With inflation and the skyrocketing price of building supplies such as lumber, builders can’t afford to put up affordable homes, according to CNBC. Most of the home buying is on the higher end of the market.

“We also know there are shortages of appliances, labor and affordable lots,” said Peter Boockvar, chief investment officer at the Bleakley Advisory Group. “The moderation in home sales is likely a combination of sticker shock and the slowdown in the ability of builders to finish homes because of a variety of delays.”

Buyers also faced higher mortgage rates in June, which rose about a quarter of a percentage point. Already stretched by higher home prices, buyers had less of a financial cushion to absorb higher mortgage rates.

“We are shifting our tone on the housing market based on our analysis of proprietary data showing early signs of a cool down,” builder analyst Ivy Zelman wrote in a note.

Black people have been among the hardest hit during the covid-19 pandemic. Research shows that layoffs were more likely to cause housing instability among Black workers than white, Marketwatch reported.

Many Black Americans didn’t have enough savings or financial safety net to weather the economic disruption of covid-19, which hindered their progress towards buying a home.

The Black homeownership rate, which has been decreasing since 2000, has never reached 50 percent and has historically lagged behind white homeownership by 20-to-30 percent. By the second quarter of 2019, Black homeownership had fallen 7 percent over the previous 10 years to 40.6 percent. The Black homeownership rate is now up to about 44 percent vs. 74 percent for whites.

Note: The shaded months indicate recession periods.
Source: Today’s Homeowner  Get the data  Embed

Owning a home is one of the main drivers of intergenerational wealth in the U.S. The NCRC (National Community Reinvestment Coalition) works to end discrimination in lending, housing and business by increasing the flow of private capital into traditionally underserved communities.

A new report from the NCRC calls for setting a goal of 60 percent Black homeownership over the next 20 years.
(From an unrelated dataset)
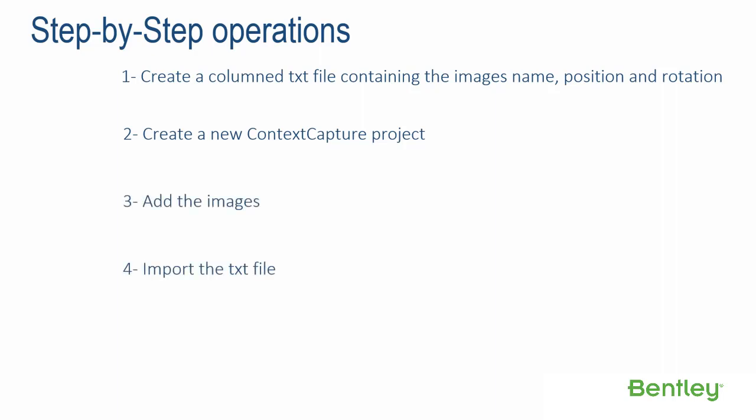Step 4: Import the text file. Step 5: Set the parameters through the import assistant.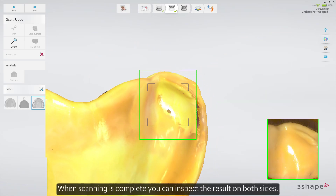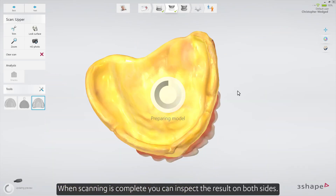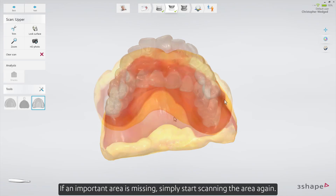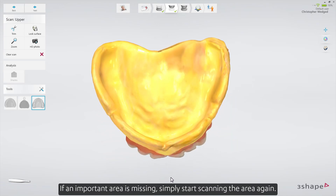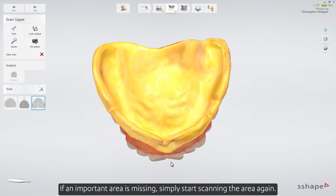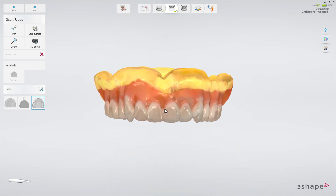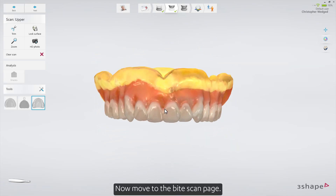When scanning is complete, you can inspect the result on both sides. If an important area is missing, simply start scanning the area again. Now move to the bite scan page.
“Not only has the financial insecurity of Black Americans hindered their progress towards buying a home, now it’s even worse,” said Joshua Devine, NCRC director of racial economic equality, in a March 2021 Marketwatch interview. “Recovery has to center and respond to the decades of financial insecurity that Black Americans have faced pre-covid.”

Dedrick Asante-Muhammad, chief of race, wealth and community at the NCRC, said he’s concerned that the covid recession will set Black homeownership back even further.
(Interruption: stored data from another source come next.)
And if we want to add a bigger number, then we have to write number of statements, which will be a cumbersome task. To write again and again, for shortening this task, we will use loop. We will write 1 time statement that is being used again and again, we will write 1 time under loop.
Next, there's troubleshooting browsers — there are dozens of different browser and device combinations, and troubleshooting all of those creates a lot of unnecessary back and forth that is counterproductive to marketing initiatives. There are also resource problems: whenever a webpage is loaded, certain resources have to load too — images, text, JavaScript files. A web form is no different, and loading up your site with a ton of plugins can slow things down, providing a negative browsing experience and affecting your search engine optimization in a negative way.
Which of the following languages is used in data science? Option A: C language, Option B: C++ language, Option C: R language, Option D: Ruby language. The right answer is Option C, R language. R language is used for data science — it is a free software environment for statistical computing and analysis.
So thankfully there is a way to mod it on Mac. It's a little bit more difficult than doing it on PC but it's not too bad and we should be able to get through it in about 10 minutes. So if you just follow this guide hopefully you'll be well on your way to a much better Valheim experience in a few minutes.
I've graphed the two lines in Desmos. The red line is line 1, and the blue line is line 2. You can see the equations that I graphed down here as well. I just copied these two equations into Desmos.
“We think it’s pretty clear it’s disproportionately hurting Black entrepreneurs and that could have a serious effect on homeownership,” Asante-Muhammad said. “Oftentimes Blacks and Latinos hit the worst of a crisis after the crisis is supposedly over. We had the worst of the Great Recession a couple years after the Great Recession was already declared over. I think that could also be true with the covid recession. We might by July say it was over, but the Blacks and Latinos might be still dealing with the worst aspects of it in 2021, 2022 and 2023.”